Try it — From the first line to the last, retype the data below exactly.

Records from a data collection —

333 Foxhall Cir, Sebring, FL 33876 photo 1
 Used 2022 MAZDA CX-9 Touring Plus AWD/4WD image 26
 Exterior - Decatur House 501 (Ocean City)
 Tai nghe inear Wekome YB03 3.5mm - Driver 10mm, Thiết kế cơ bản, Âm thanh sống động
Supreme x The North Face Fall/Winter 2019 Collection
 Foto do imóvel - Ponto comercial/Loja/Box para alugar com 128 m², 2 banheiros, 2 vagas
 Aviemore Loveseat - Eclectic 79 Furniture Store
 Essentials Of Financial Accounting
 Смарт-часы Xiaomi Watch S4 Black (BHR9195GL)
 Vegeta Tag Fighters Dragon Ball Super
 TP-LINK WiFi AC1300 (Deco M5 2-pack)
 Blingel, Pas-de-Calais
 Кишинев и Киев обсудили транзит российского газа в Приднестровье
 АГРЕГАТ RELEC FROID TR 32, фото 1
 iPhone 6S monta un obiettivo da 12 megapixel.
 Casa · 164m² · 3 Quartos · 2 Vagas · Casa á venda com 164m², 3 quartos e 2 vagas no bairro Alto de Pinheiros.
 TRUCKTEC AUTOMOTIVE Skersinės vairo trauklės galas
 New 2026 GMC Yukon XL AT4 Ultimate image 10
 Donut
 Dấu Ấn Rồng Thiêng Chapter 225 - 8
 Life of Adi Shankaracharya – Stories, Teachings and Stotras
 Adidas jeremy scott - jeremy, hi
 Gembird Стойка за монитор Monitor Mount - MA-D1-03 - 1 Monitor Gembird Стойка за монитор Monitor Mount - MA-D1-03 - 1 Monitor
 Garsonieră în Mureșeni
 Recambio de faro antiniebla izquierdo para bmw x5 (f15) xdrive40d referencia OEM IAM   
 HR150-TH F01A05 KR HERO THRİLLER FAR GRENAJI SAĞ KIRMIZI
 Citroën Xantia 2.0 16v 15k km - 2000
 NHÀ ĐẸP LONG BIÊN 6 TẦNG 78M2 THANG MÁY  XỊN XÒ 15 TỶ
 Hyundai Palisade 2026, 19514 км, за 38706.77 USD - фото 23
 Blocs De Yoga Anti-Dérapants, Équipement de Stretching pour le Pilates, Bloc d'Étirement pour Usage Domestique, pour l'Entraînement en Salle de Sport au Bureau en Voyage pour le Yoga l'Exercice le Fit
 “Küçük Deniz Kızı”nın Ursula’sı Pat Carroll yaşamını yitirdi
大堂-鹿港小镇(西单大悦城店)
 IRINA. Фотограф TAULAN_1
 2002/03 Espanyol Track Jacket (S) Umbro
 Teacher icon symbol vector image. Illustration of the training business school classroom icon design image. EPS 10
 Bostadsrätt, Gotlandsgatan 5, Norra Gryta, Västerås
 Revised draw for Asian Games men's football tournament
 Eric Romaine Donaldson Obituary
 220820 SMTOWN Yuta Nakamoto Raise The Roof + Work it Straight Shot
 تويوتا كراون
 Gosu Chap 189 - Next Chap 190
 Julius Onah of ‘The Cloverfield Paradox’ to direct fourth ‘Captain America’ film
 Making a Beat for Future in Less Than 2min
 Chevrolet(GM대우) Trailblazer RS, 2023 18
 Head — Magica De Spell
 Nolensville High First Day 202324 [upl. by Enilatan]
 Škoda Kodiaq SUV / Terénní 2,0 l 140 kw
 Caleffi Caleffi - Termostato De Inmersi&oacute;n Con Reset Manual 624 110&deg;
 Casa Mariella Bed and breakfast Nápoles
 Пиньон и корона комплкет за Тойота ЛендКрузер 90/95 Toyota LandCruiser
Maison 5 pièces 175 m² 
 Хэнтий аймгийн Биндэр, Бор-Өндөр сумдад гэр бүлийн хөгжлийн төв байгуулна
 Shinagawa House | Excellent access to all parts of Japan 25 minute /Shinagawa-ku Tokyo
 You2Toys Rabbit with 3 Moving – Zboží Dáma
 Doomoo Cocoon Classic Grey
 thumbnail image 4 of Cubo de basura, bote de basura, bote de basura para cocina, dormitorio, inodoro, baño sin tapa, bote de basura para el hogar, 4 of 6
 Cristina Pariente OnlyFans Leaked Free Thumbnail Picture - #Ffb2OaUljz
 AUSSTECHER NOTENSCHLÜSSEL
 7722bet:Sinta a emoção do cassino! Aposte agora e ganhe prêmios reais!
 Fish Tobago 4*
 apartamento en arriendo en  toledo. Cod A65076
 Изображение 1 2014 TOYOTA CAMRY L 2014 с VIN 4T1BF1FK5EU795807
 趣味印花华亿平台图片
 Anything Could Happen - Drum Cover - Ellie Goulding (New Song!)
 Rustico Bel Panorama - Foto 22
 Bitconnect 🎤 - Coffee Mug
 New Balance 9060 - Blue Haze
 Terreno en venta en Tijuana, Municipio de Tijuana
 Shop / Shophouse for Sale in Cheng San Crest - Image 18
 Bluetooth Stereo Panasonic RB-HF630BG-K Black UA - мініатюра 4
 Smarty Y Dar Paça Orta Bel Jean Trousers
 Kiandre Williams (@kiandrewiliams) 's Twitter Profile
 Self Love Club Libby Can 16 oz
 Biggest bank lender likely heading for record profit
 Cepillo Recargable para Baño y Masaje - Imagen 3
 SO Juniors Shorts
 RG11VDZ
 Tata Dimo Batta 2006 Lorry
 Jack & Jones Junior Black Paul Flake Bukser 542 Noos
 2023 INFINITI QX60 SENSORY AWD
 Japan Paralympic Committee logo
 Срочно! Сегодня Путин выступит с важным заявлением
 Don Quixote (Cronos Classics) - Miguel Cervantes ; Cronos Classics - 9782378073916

Result for this task —
333 Foxhall Cir, Sebring, FL 33876 photo 1
 Used 2022 MAZDA CX-9 Touring Plus AWD/4WD image 26
 Exterior - Decatur House 501 (Ocean City)
 Tai nghe inear Wekome YB03 3.5mm - Driver 10mm, Thiết kế cơ bản, Âm thanh sống động
Supreme x The North Face Fall/Winter 2019 Collection
 Foto do imóvel - Ponto comercial/Loja/Box para alugar com 128 m², 2 banheiros, 2 vagas
 Aviemore Loveseat - Eclectic 79 Furniture Store
 Essentials Of Financial Accounting
 Смарт-часы Xiaomi Watch S4 Black (BHR9195GL)
 Vegeta Tag Fighters Dragon Ball Super
 TP-LINK WiFi AC1300 (Deco M5 2-pack)
 Blingel, Pas-de-Calais
 Кишинев и Киев обсудили транзит российского газа в Приднестровье
 АГРЕГАТ RELEC FROID TR 32, фото 1
 iPhone 6S monta un obiettivo da 12 megapixel.
 Casa · 164m² · 3 Quartos · 2 Vagas · Casa á venda com 164m², 3 quartos e 2 vagas no bairro Alto de Pinheiros.
 TRUCKTEC AUTOMOTIVE Skersinės vairo trauklės galas
 New 2026 GMC Yukon XL AT4 Ultimate image 10
 Donut
 Dấu Ấn Rồng Thiêng Chapter 225 - 8
 Life of Adi Shankaracharya – Stories, Teachings and Stotras
 Adidas jeremy scott - jeremy, hi
 Gembird Стойка за монитор Monitor Mount - MA-D1-03 - 1 Monitor Gembird Стойка за монитор Monitor Mount - MA-D1-03 - 1 Monitor
 Garsonieră în Mureșeni
 Recambio de faro antiniebla izquierdo para bmw x5 (f15) xdrive40d referencia OEM IAM   
 HR150-TH F01A05 KR HERO THRİLLER FAR GRENAJI SAĞ KIRMIZI
 Citroën Xantia 2.0 16v 15k km - 2000
 NHÀ ĐẸP LONG BIÊN 6 TẦNG 78M2 THANG MÁY  XỊN XÒ 15 TỶ
 Hyundai Palisade 2026, 19514 км, за 38706.77 USD - фото 23
 Blocs De Yoga Anti-Dérapants, Équipement de Stretching pour le Pilates, Bloc d'Étirement pour Usage Domestique, pour l'Entraînement en Salle de Sport au Bureau en Voyage pour le Yoga l'Exercice le Fit
 “Küçük Deniz Kızı”nın Ursula’sı Pat Carroll yaşamını yitirdi
大堂-鹿港小镇(西单大悦城店)
 IRINA. Фотограф TAULAN_1
 2002/03 Espanyol Track Jacket (S) Umbro
 Teacher icon symbol vector image. Illustration of the training business school classroom icon design image. EPS 10
 Bostadsrätt, Gotlandsgatan 5, Norra Gryta, Västerås
 Revised draw for Asian Games men's football tournament
 Eric Romaine Donaldson Obituary
 220820 SMTOWN Yuta Nakamoto Raise The Roof + Work it Straight Shot
 تويوتا كراون
 Gosu Chap 189 - Next Chap 190
 Julius Onah of ‘The Cloverfield Paradox’ to direct fourth ‘Captain America’ film
 Making a Beat for Future in Less Than 2min
 Chevrolet(GM대우) Trailblazer RS, 2023 18
 Head — Magica De Spell
 Nolensville High First Day 202324 [upl. by Enilatan]
 Škoda Kodiaq SUV / Terénní 2,0 l 140 kw
 Caleffi Caleffi - Termostato De Inmersi&oacute;n Con Reset Manual 624 110&deg;
 Casa Mariella Bed and breakfast Nápoles
 Пиньон и корона комплкет за Тойота ЛендКрузер 90/95 Toyota LandCruiser
Maison 5 pièces 175 m² 
 Хэнтий аймгийн Биндэр, Бор-Өндөр сумдад гэр бүлийн хөгжлийн төв байгуулна
 Shinagawa House | Excellent access to all parts of Japan 25 minute /Shinagawa-ku Tokyo
 You2Toys Rabbit with 3 Moving – Zboží Dáma
 Doomoo Cocoon Classic Grey
 thumbnail image 4 of Cubo de basura, bote de basura, bote de basura para cocina, dormitorio, inodoro, baño sin tapa, bote de basura para el hogar, 4 of 6
 Cristina Pariente OnlyFans Leaked Free Thumbnail Picture - #Ffb2OaUljz
 AUSSTECHER NOTENSCHLÜSSEL
 7722bet:Sinta a emoção do cassino! Aposte agora e ganhe prêmios reais!
 Fish Tobago 4*
 apartamento en arriendo en  toledo. Cod A65076
 Изображение 1 2014 TOYOTA CAMRY L 2014 с VIN 4T1BF1FK5EU795807
 趣味印花华亿平台图片
 Anything Could Happen - Drum Cover - Ellie Goulding (New Song!)
 Rustico Bel Panorama - Foto 22
 Bitconnect 🎤 - Coffee Mug
 New Balance 9060 - Blue Haze
 Terreno en venta en Tijuana, Municipio de Tijuana
 Shop / Shophouse for Sale in Cheng San Crest - Image 18
 Bluetooth Stereo Panasonic RB-HF630BG-K Black UA - мініатюра 4
 Smarty Y Dar Paça Orta Bel Jean Trousers
 Kiandre Williams (@kiandrewiliams) 's Twitter Profile
 Self Love Club Libby Can 16 oz
 Biggest bank lender likely heading for record profit
 Cepillo Recargable para Baño y Masaje - Imagen 3
 SO Juniors Shorts
 RG11VDZ
 Tata Dimo Batta 2006 Lorry
 Jack & Jones Junior Black Paul Flake Bukser 542 Noos
 2023 INFINITI QX60 SENSORY AWD
 Japan Paralympic Committee logo
 Срочно! Сегодня Путин выступит с важным заявлением
 Don Quixote (Cronos Classics) - Miguel Cervantes ; Cronos Classics - 9782378073916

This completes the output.